Understanding customer vulnerability in the age of COVID-19

Understanding customer vulnerability in the age of COVID-19 | Insurance Business

Understanding customer vulnerability in the age of COVID-19

There has never been a time like this in recent memory, with COVID-19 challenging our daily living, economic stability and behaviours in unprecedented ways – putting a ‘magnifying glass’ on New Zealanders’ financial vulnerability.

It’s an important and immediate reminder of the role financial advisers have in ensuring good client outcomes, and the timing couldn’t be more fitting. We’re just a few months away from the new regime, which defines customer vulnerability practices within the wider context of ‘good conduct’.

Here’s how advisers can understand and identify vulnerability, supporting vulnerable clients throughout the advice process.

What does ‘vulnerable’ mean?
In June, the FMA issued an information sheet titled ‘Customer vulnerability – our expectations for providers’, which presents a clear set of guidelines and principles that apply to advice businesses as well.

According to the FMA, “a vulnerable consumer is one who, due to their personal circumstances, is especially susceptible to detriment, particularly when a firm is not acting with appropriate levels of care.” In other words, financial vulnerability is not related to a particular ‘type’ of person, but can stem from a specific event or a set of personal circumstances.

Again, COVID-19 has exposed the extent of financial vulnerability with undeniable intensity. According to a survey conducted by the Commission for Financial Capability during Alert Level 4, a widespread lack of financial awareness, confidence and resilience has aggravated the impact of this crisis on Kiwis’ financial wellbeing, with 34% of households being in difficulty and 40% being at risk of tipping into hardship. This is where quality financial advice can make all the difference.

Understanding the key drivers of vulnerability
The ‘personal circumstances’ that can lead to financial vulnerability are wide-ranging, and can include:

  • Sudden challenges like financial hardship or redundancy
  • Traumatic events like bereavement, natural disasters, diagnosis of serious illness, or violent crime
  • Serious or chronic health issues
  • Physical or mental disabilities or impairments
  • Age-related issues
  • Communication difficulties.

Many financial products are difficult to understand, even for the most educated customers. They can be clouded by obscure jargon, have risks that are hard to recognise, and may not start to deliver benefits immediately – which makes their value less ‘tangible’.

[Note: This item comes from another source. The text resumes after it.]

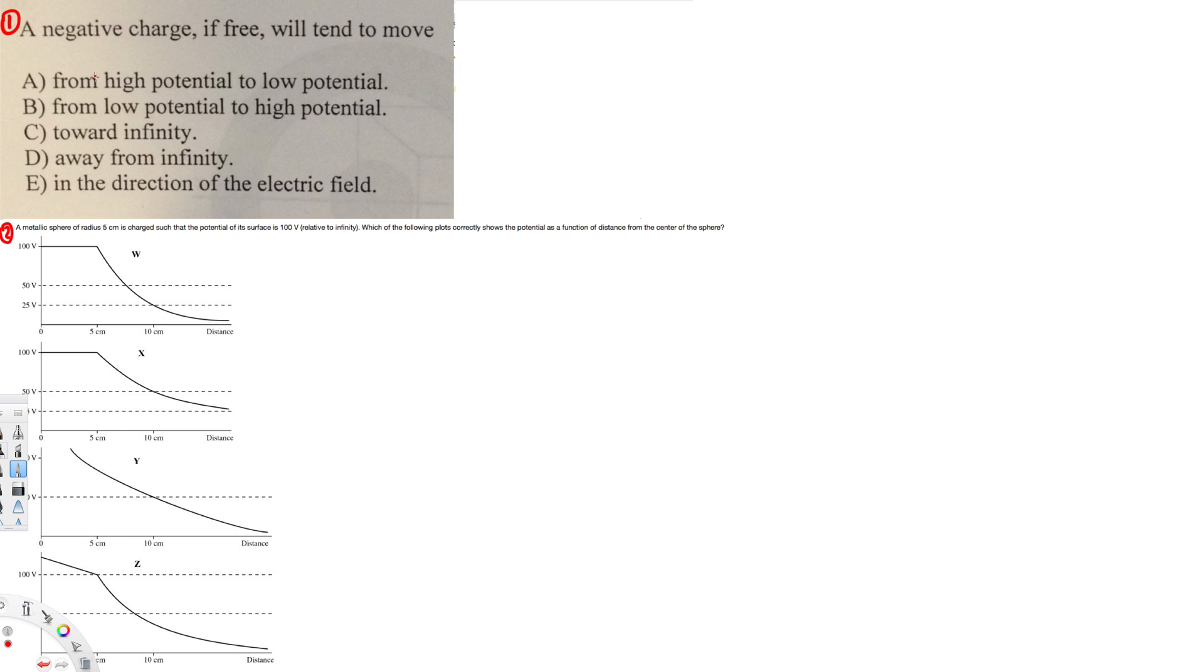First of all, we have to know what is high potential. High potential means a positive charge, so this is positive. And this is low potential, which means a negative charge. So if a negative charge is free to move,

Vulnerable clients may face additional barriers to understanding financial advice, so it’s the adviser’s responsibility to make it easier to grasp – by using clear language, ensuring thorough and direct disclosure, and enhancing customer vulnerability practices in the six-step advice process.

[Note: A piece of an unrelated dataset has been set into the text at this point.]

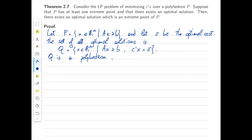With respect to P, we only added an equality constraint, which immediately implies that Q is a polyhedron. Also, this polyhedron is non-empty because by assumption, we know that there exists an optimal solution. So, what do we have to show in this theorem? We need to show that there exists a point in Q which is an extreme point of P.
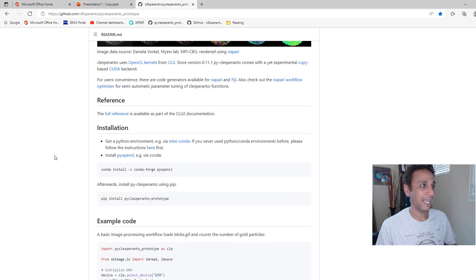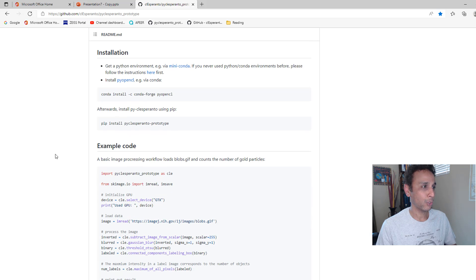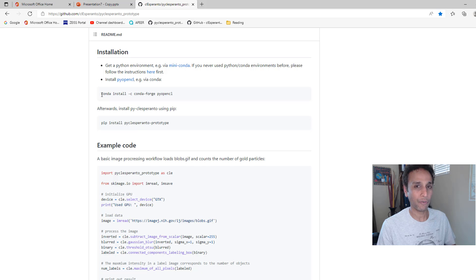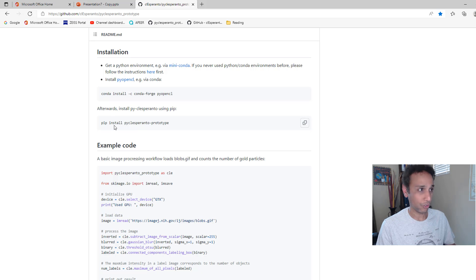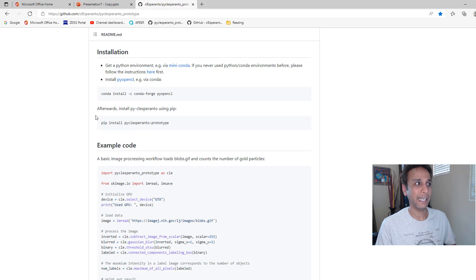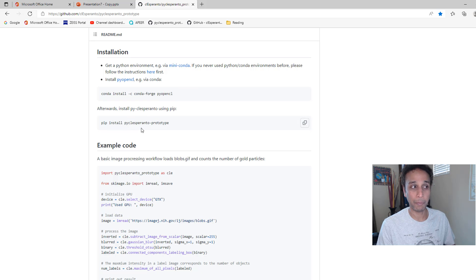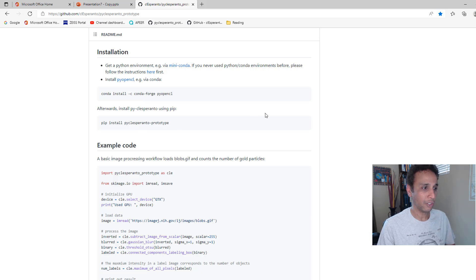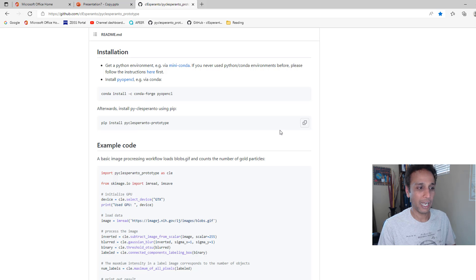One note: the way to install this is pretty straightforward as long as you follow the instructions. First, install PyOpenCL and then do the pip installation of this library. Now you have the power to segment anything using a single line.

How to identify vulnerability and act on it
It’s important to note that vulnerability may not always be easy to spot. Its underlying factors can be culturally specific or relate to the ‘bigger picture’. Also, clients may not be aware of their vulnerability, or they might not know how to express it. Some may become vulnerable over time or due to a particular event.

That’s why it’s all the more important to have robust customer vulnerability systems in place, and be prepared to draw on them at any point in the relationship.

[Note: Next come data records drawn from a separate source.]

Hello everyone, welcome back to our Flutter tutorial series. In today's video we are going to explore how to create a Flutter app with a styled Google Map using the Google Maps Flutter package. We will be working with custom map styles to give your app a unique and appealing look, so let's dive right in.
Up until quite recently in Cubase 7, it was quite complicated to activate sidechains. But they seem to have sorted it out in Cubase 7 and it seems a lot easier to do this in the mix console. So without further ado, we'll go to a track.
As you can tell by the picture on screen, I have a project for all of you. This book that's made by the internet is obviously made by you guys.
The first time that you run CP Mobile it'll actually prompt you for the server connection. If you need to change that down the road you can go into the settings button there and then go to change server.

Using the FMA’s guidelines as a framework, here are three key areas of implementation:

  • Customer service: It’s important for advisers to consider how they interact with their clients, and the role face-to-face meetings can have in a comprehensive approach to vulnerability.
  • Capability and capacity: Advisers need to be able to identify vulnerabilities, address the needs of vulnerable customers, and adapt their services to ensure support is provided. Flexibility is crucial.
  • Communication: Clear communication is key to minimising customers’ distress, especially during in-person interactions. It’s important to note that vulnerable clients may struggle to disclose their needs. Advisers can facilitate this by using positive language (for example, without putting emphasis on ‘vulnerability’ but instead offering ‘extra help’ or ‘additional support’), or by encouraging the use of digital tools (some things may be easier to notify online, rather than in person). Also, advisers need to assess the complexity of documents and simplify where appropriate.

From a practical point of view, each adviser can support vulnerable clients in several ways, depending on the type of vulnerability involved. For example, using larger font or reading out key points can help clients with visual impairment. If English isn’t the client’s first language, advisers can consider engaging a translator or providing key documents in dual languages. And importantly, in all situations where a client might be in distress, extra care must be taken in ensuring they have enough time and support to make a decision.

It’s about good client outcomes

Financial advice – it has always been about clients’ personal circumstances, goals and needs. Now, with COVID-19 exposing New Zealanders’ vulnerabilities on many levels, financial advisers have an all-important role in the journey to recovery. At Financial Advice NZ, we continue to work with the regulator and our members to help advisers understand what this responsibility entails for their staff, their operations and, most importantly, their customers.